These days, as I write my book, Denise and Sanders are everywhere, through the pages of our years in Libreville, popping up to visit when we live in Nice. They were with us in Fort Wayne when our cat was run over.


In April, Denise had a massive heart attack. She was in Bulgaria, in the final months of her posting in Sophia. She had to fly to D.C. for rehabilitation in May, leaving her family to finish the school year and pack out the house. Plans for their next posting in Ghana were nixed, and she got news that her heart wasn't recovering as well as they thought. She is doing well now, has a defibrillator implanted,  just in case.

In September, she came month of training in D.C., while her family stayed at the Colorado house they rent out when they are oversees.

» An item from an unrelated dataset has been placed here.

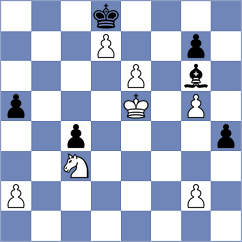 Pillay - Gontcharov (Chennai IND, 2022)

Denise found a position open in Belgium. They will get there in the next few days.

While Denise was in meetings, I popped into the National Coalition on School Diversity at Howard University. Author Susan Eaton, who has been a friend to The Reclamation Project, visited a few years ago and wrote this. I was able to catch the her keynote interview Nikole Hannah-Jones, journalist recently featured on NPR's This American Life with her story, The Problem We All Live With.


I didn't have time to walk around the grounds and explore, but did pause in front of this mural in the law building, where the conference took place.


I took the metro in DC and loved it. It brings back memories of France and city living without a car. In a city metro, people with different skin colors and economic realities, with different languages and and perspectives, are in one another's space. I think that's a key difference between communities in mid-sized cities like Fort Wayne, and cities with public transport that's truly used by everyone. There are few spaces in Fort Wayne where this happens.


Denise and I went to the National Gallery of Art on Saturday. I've been thinking ever since about a connection between essays and what I saw there, but that's another post.



But I will say that this picture fascinated me. In the 1850s, Haussmann set about redesigning Paris. The streets were narrow, and he widened them, giving space for scenes like this. It's kind of like the metro, but more pleasant, a place for where all kinds of people gather.


 We also did a little shopping. Denise will start work without business clothes, so we found suits and dresses, and I snagged this for Anna...


And, my friend Jen, who spent a year with us in Nice, joined us Sunday afternoon. We had a Vietnamese lunch, talked and talked, had tea and chocolate.



I've always said that I don't like travel, which is of course ironic, since I'm moved and been a part of so many places. We have collected our fair share of stories about transatlantic travel with babies and toddlers, with ice storms and lost luggage and shut down airports. But now that we're settled in Fort Wayne, and any travel I've done is low-key, I have to say that I like it. I like the way a new place gives space for ideas and perspective. And of course, I am so thankful that every once in a while I have the chance to reconnect with precious friends face-to-face.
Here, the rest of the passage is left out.